Sunday 19 March 2017

LivingLiving by Henry Green
My rating: 4 of 5 stars

Because, Just Because

Things are changing in 1928 England. Or so the old and the young in Living think. The old men are engaged in the crises of declining vitality; the old women are primarily coping with these masculine crises. The young men are ambitious and feel themselves under-appreciated; the young women feel the same and attach themselves to the optimistic young men. It is the same for the folks who ride the trams as it is for them who ride the Bentley motor cars. Everyone is dissatisfied with his lot. But class boundaries, particularly language, prevent the possibility of mutual sympathy.
 
What is clear to the reader, however, is that precisely the same life-patterns are being established by the young as the old have come to regret. The young men inevitably will be disappointed that they 'escaped' into the trap of marriage and the slavish role of bread-winner. The women will eventually grieve over their lost lives and a futile reliance on masculine effort. The things that tempt them to the trap are universal and timeless although they appear unique and urgent: sex, companionship, independence, reputation.

Those who are no longer young but not yet old, namely those who actually run the show, all worry about maintaining whatever it is they've achieved. Their positions are vulnerable. The young are militating for change because the past is rotten and the world has been mis-managed. The old, the mentors and promoters of the middle-aged, are incapacitated and unable to protect their former protégés. They scheme and intrigue among themselves to hold off their inevitable decline. 

Meanwhile the business, a steel foundry on which they all depend, is slipping slowly down the plug-hole.

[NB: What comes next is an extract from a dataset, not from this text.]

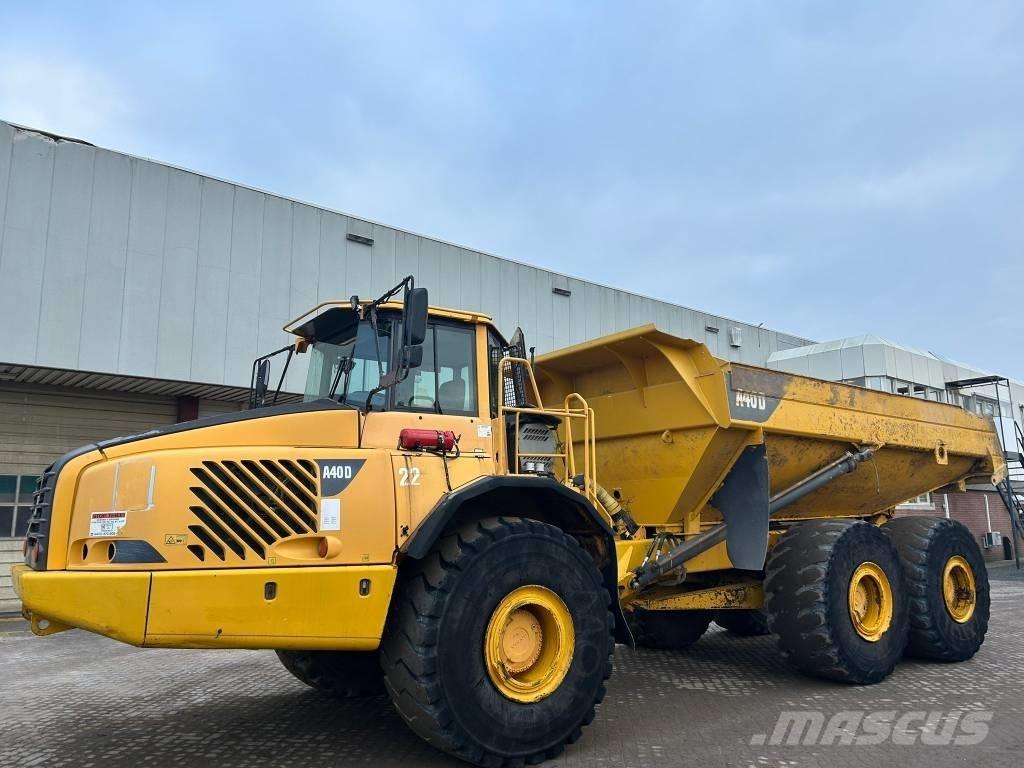 Volvo A 40 D Midjestyrd dumper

The Belgians (not the Chinese yet of course) outbid them routinely. Waste is immense because of bad workmanship. Customers are returning obviously defective products. Machinery is not maintained properly and has become lethally dangerous. Union organisers are making inroads. These are mere annoyances, however, compared with the issue of the toilet monitor installed by the factory manager and removed by the son of the owner. Such is the rule of the trivially dominant.

This is a remarkably insightful novel for a young man of 22. It is at least partially autobiographical since Henry Green (Yorke) was the son of a Birmingham industrialist and took over the family business. Despite admiration by Auden, Waugh, and Anthony Powell, Green was not a reader's writer and never sold more than 10,000 volumes of any of his eleven titles, perhaps because he pursued the family's business interests over his literary career. The family firm, H Pontifex & Sons, continued in operation until its bankruptcy in 2011 so he apparently did not degrade that legacy.

Nevertheless, Green died a somewhat lonely, alcoholic death in 1973. One is tempted to the conclusion that even acute literary insight doesn't prevent ultimate disappointment with one's lot. The only response to the question about the real point of life that is posed to one of Green's characters is "Because, just because." Perhaps no other is possible.